KERBELA OLAYININ NEDENİ NEYDİ?
10 Temmuz 2024, Çarşamba 09:35Her yıl muharrem ayında Kerbela’da vahşice katledilen Ehl-i Beyt mensuplarını saygı ve hürmetle anıyoruz.
Ehl-i Beyt’e destek olmak için orada bulunanlarla birlikte, şehit olanların sayısı tarihe yetmiş iki olarak geçmiştir. Katledilenlerin peygamber efendimizin Ehl-i Beytinden olması, İslam tarihine en acıklı olayı olarak geçmiştir.
Aradan bin üç yüz kırk dört yıl geçmesine rağmen, hala güncelliğini korumaktadır. Onlar için matem oruçları tutuluyor, Aşureler dağıtılıyor. Aradan bu kadar zaman geçmiş olmasına rağmen, Hz. Hüseyin’in Kerbela'daki direnişi zalimlere karşı bir sembol olmaya devam ediyor.
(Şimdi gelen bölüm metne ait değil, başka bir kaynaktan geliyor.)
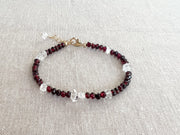 Garnet and Herkimer Diamond Bracelet, Gemstone Bracelet, January Birthstone, April Birthstone, Boho, Gift for Her, Handmade, Winter Jewelry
Yezid’e ve onun komutanlarına ise, hala lanet ediliyor. Öyle bir nefrete neden olmuştur ki, Yezid ve onun ordu komutanlarının isimleri yeni doğan çocuklara bile verilmiyor. Ama, Hz. Hüseyin’in ismi İslam ülkelerinde milyonlarca yeni doğan çocuklara konulmaya devam ediliyor. Bu da insanların Ehl-i Beyt’e ve mazlumlara olan sevgisini gösteriyor.
Halklar her zaman mazlumun ve haklının yanında olmuştur. Biz de Kerbela’daki bütün şehitleri tekrar saygı ve hürmetle anıyoruz.
İslam tarihindeki bu hüzünlü olayının iç yüzü neydi? Hz. Hüseyin neden Küfe'ye gitmek istemişti? Bu makalemizde bunun nedenleri ve sonuçları üzerinde duracağız.
Halife Osman’ın şehit edilmesinden sonra, (M.656) Medine’liler, Hz. Ali’ye biat etmiş ve onu halife olarak seçmişlerdi. Ancak, Hz. Ali’nin halife olmasına iki cepheden itirazlar gelmişti. Birinci cephede, Hz. Ayşe’nin desteklediği sahabelerden olan Ebu Zübeyr ve Talha, ikinci cephede Ebu Süfyan’ın oğlu Şam valisi Muaviye bulunuyordu. Cemel savaşında, Zübeyr ve Talha savaş meydanında hayatlarını kaybetmiş, Hz. Ayşe ise, Hz. Ali’nin ordusunda yer alan Hz. Ebu Bekir’in oğlu aynı zamanda kardeşi olan Muhammed tarafından güvenliği sağlanarak, Medine’de ikamet etmesi sağlanmıştı. (M.656)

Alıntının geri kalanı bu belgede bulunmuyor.